**Source records**
····················

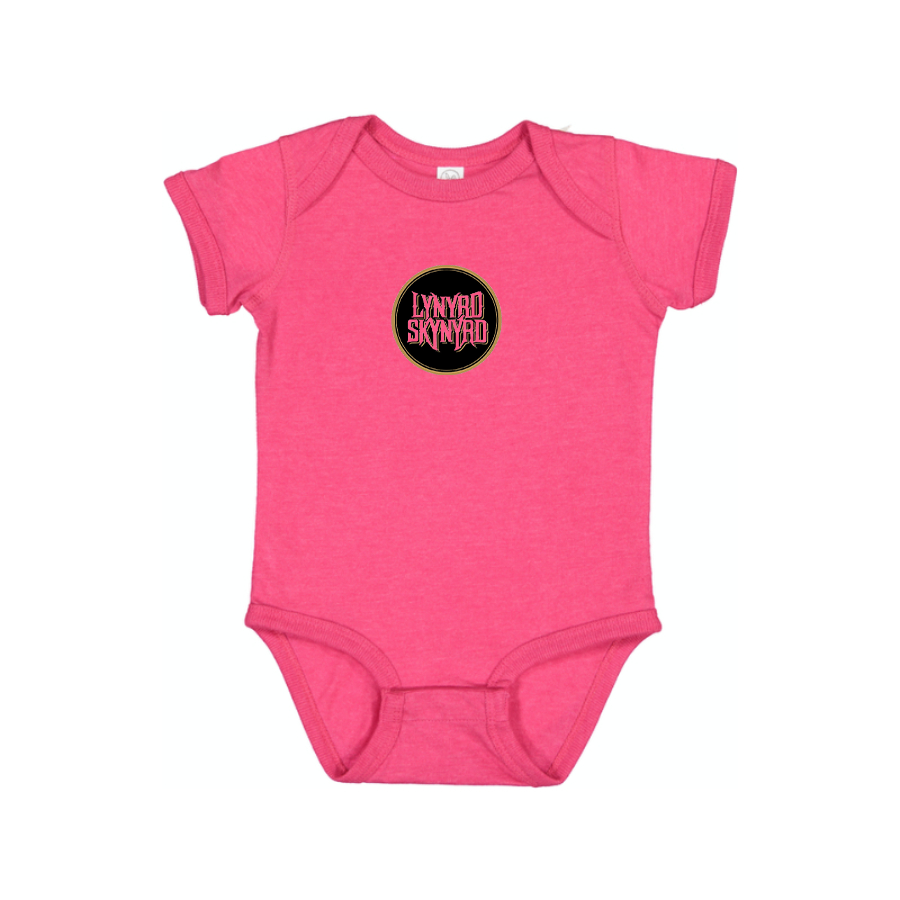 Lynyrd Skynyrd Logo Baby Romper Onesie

····················

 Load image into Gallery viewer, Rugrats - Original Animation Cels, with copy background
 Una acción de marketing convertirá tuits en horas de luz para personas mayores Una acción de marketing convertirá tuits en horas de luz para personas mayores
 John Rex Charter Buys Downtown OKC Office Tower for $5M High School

····················

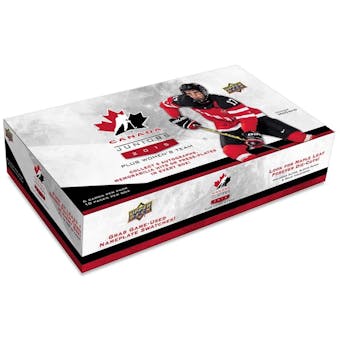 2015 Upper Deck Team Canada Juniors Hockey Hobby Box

····················

**Your goal**
In the material above, transcribe exactly the lines beginning at the one with "personas mayores Una" and ending at the one with "John Rex Charter", both included.

**Answer space**
 Una acción de marketing convertirá tuits en horas de luz para personas mayores Una acción de marketing convertirá tuits en horas de luz para personas mayores
 John Rex Charter Buys Downtown OKC Office Tower for $5M High School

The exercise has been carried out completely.